How does silver help turn seawater into drinking water?
It’s said that the next big war will not be over oil or gas – but over water.
Huge areas of the planet are becoming drier as climate change wreaks havoc on water tables and increasing populations demand more and more H2O.
The problem with water is that it is extremely difficult to “transport” over great distances without networks of pipes and sanitation systems. In temperate climates it is easier to rely on above ground irrigation systems – but in hot climates the water simply evaporates.
An entire two thirds of the planet is covered in water which is undrinkable in its natural state – the oceans and seas.
Desalination of water has, until now, been an expensive and large industrial operation.
MIT – the Massachusetts Institute of Technology – has recently pioneered a passive solar-powered desalination system. Tests on an MIT building rooftop showed that a simple proof-of-concept desalination device could produce clean, drinkable water at a rate equivalent to more than 1.5 gallons per hour for each square meter of solar collecting area.

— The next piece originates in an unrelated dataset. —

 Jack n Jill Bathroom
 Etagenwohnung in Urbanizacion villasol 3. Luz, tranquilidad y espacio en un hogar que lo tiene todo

The system uses multiple layers of flat solar evaporators and condensers, lined up in a vertical array and topped with transparent aerogel insulation. MIT claims such systems could reach overall efficiency levels as high as 700 or 800 percent.

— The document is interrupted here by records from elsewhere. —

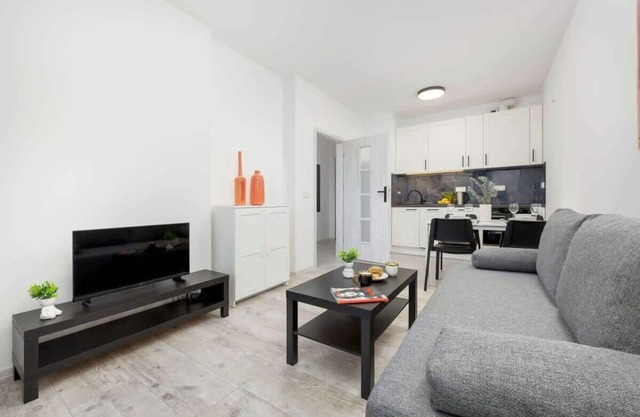 Warszawski Świt 5 | Bright Apartment | Parking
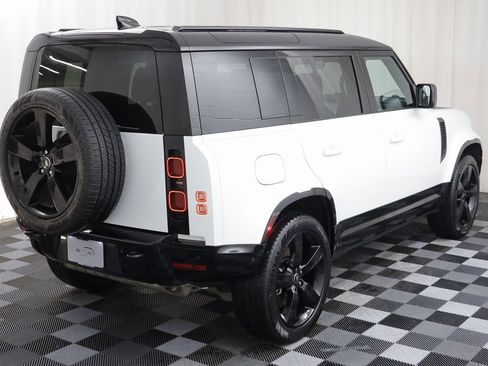 Used 2025 Land Rover Defender 110 X-Dynamic SE image 18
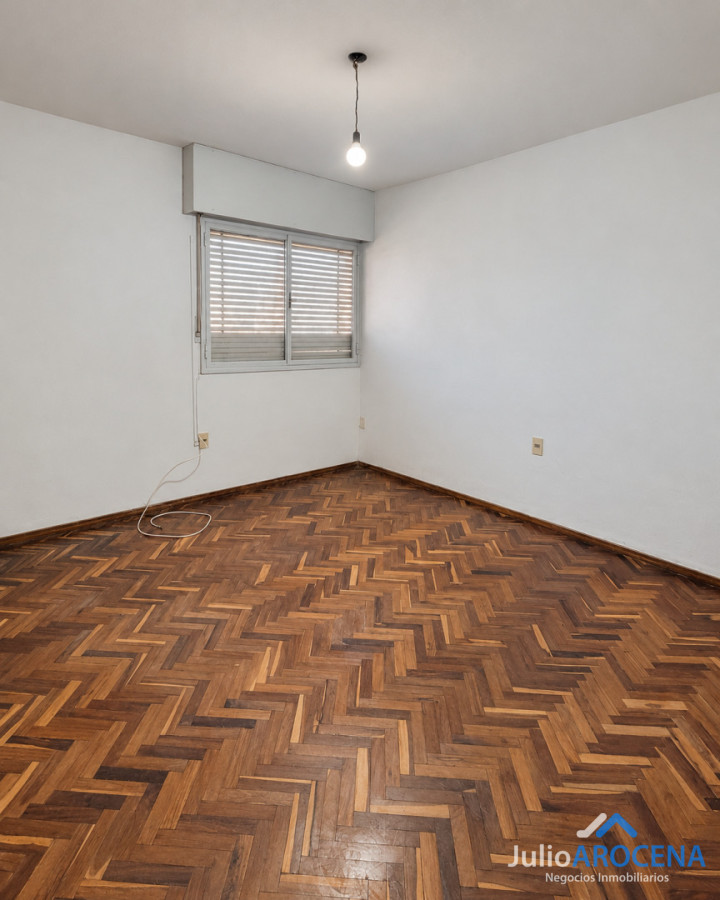 Apartamento ID.1475 - APARTAMENTO MUY LUMINOSO CON BALCÓN Y VISTA AL RÍO EN EL CENTRO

Of course, one of the major components of the system is the silver used in the construction of the solar panels – and the filtration system.

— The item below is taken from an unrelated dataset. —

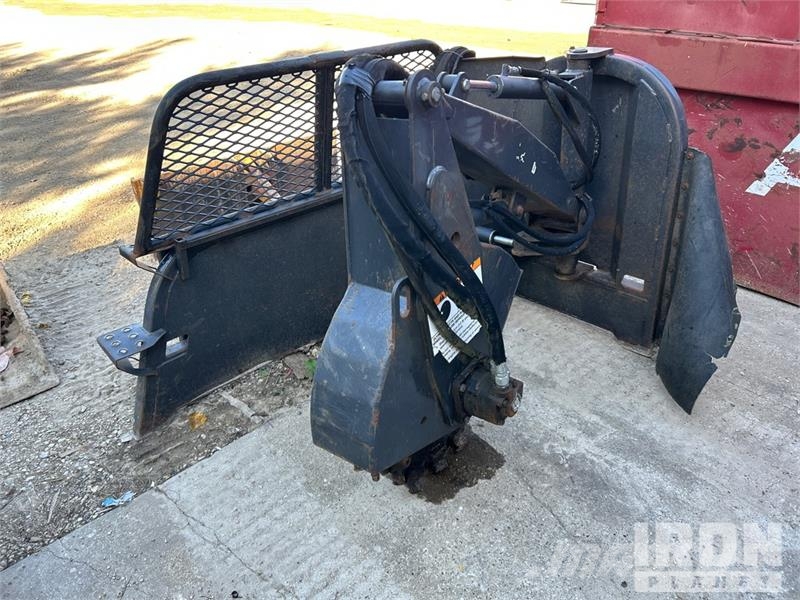 Bobcat SG60 Skid Steer Stump Grinder Rotorkopeggen / rototillers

The researchers plan further experiments to continue to optimize the choice of materials and configurations to test the durability of the system under realistic conditions.
They also will work on translating the design of their lab-scale device into something that would be suitable for use by consumers. The hope is that it could ultimately play a role in alleviating water scarcity in parts of the developing world where reliable electricity is scarce but seawater and sunlight are abundant.